A. Yes, it is large enough because the population standard deviation of 32,000 is larger than the sample size of 100 .
B. No, it is not large enough because the sample size of 100 is less than 250.
C. No, it is not large enough because the sample size of 100 is not greater than $10 \%$ of the population.
D. Yes, it is large enough because the sample size of 100 is greater than 25.
b. The mean is $\$ 77000$ and the standard error is $\$ 3200$.
(Type integers or decimals. Do not round.)
c. The probability is $\square$.
(Round to four decimal places as needed.)

Step 1 ：The problem asks whether the sample size is large enough to use the Central Limit Theorem for means. The Central Limit Theorem states that if the sample size is large enough (usually n > 30), the sampling distribution of the mean will be approximately normally distributed, regardless of the shape of the population distribution. In this case, the sample size is 100, which is greater than 30. Therefore, the sample size is large enough to use the Central Limit Theorem for means. The final answer for this part is \(\boxed{\text{D. Yes, it is large enough because the sample size of 100 is greater than 25.}}\)

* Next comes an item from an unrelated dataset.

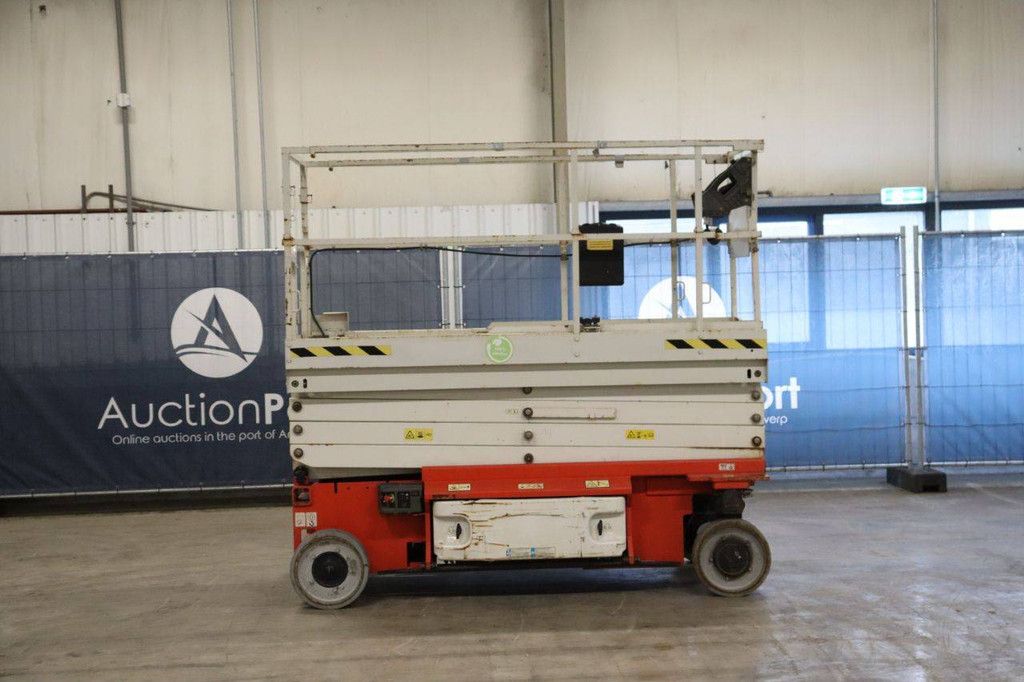 JLG 2646 ES Electric Scissor Lift 9.92m 2016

Step 2 ：The problem also asks for the mean and standard error of the sampling distribution. The mean of the sampling distribution is equal to the population mean, which is \$77000. The standard error of the sampling distribution is equal to the population standard deviation divided by the square root of the sample size. In this case, the standard error is \$32000 divided by the square root of 100, which is \$3200. Therefore, the mean is \$77000 and the standard error is \$3200.

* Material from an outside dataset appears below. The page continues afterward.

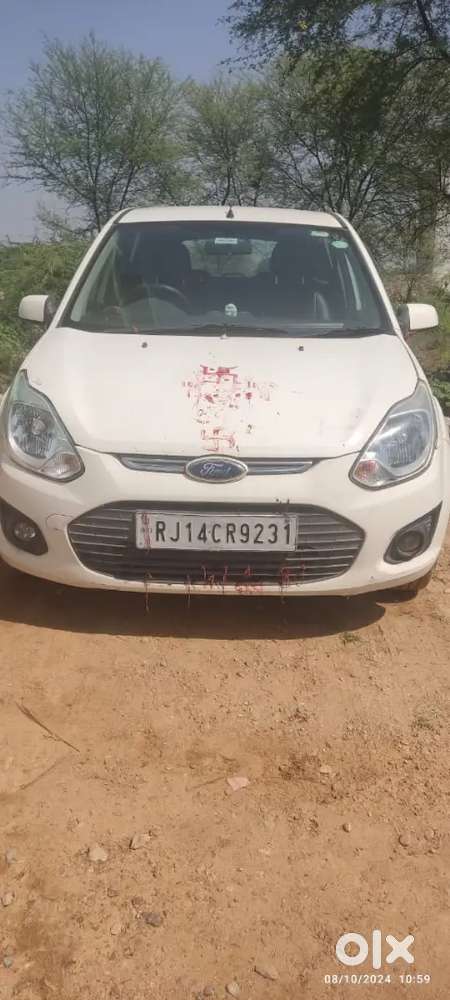 Ford Figo 1.2 Titanium Petrol 2013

Step 3 ：The problem also asks for the probability that the sample mean will be more than \$3200 away from the population mean. This is equivalent to finding the probability that the sample mean is either less than \$77000 - \$3200 = \$73800 or more than \$77000 + \$3200 = \$80200. To find this probability, we would need to use the standard normal distribution table or a calculator with a normal distribution function. However, the problem does not provide enough information to calculate this probability.